There's something not quite right here! What do you think?
http://www.ebay.co.uk/itm/Scheppach-Dev ... 25a11ee98c
Rodders


----------



## JakeS (10 Mar 2015)

blackrodd":3g9pvpd1 said:


> There's something not quite right here! What do you think?
> http://www.ebay.co.uk/itm/Scheppach-Dev ... 25a11ee98c
> Rodders



What do you think isn't right? I don't see anything obvious... it's one of these:

http://www.amazon.co.uk/Scheppach-55-Ac ... B001JBF7DY

just a bit cheaper. Still in the range of believable pricing, though, and not a massive saving given the postage?


----------



## blackrodd (11 Mar 2015)

Maybe I'm wrong then.
When grinding a round, flat ended gouge, I can't see how you will get the chisel rotating, to grind the complete end.
As in left and right as the close up shows the chisel mount clamped real tight!
Is this shown being used on u tube?
Regards Rodders


----------



## JakeS (12 Mar 2015)

blackrodd":ttk6cjm0 said:


> When grinding a round, flat ended gouge, I can't see how you will get the chisel rotating, to grind the complete end.
> As in left and right as the close up shows the chisel mount clamped real tight!

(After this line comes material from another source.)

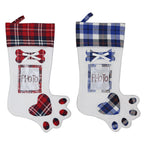 Red and blue dog paw Christmas gift stocking flat lay view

I don't own one, but _as I understand it_, there's two possible axes of rotation. For things like pipes or round-section gouges, you can clamp the pipe in the v/diamond groove formed between the centre of the circular thing and the bottom of the clamp and spin the whole assembly. For skew chisels, it appears that you mount the circular thing in a flat plate that runs along the support arm and lock the rotation off to set the grinding angle.

So, looking at the images on the Amazon listing:

- The first in-action image shows a round-section gouge which has been mounted with the clamp rotated such that the rounded-off end pushes on the inside of the concave inside/top of the gouge while the V-groove inside the circular mount holds the convex bottom of the gouge. The front face of the circular mount is being used as a flat reference face against the support arm, and the bottom of the gouge is resting on the arm. The operator can then rotate the entire assembly to grind the rounded bevel.

- The second image shows a skew chisel - it's been clamped down against the flat surface on the inside of the circular mount, and the circular mount attached to the support-arm-runner at the correct angle, allowing the skew chisel to be ground by tipping it forward to meet the wheel (where along the chisel you clamp will determine the bevel angle) and running it from side to side along the support arm.

- The third image shows the same as the first image, just from behind.





(For fingernail grinds, they sell another attachment - which I do own, but can't find pictures of anywhere right now - where a guide with a socket on is clamped to the gouge and a ball mount is clamped to the support arm, so you can pivot the gouge on the ball-and-socket joint to enable you to move the end around a spherical section in order to grind a bevel that curves around the end of the gouge in more than one axis).


----------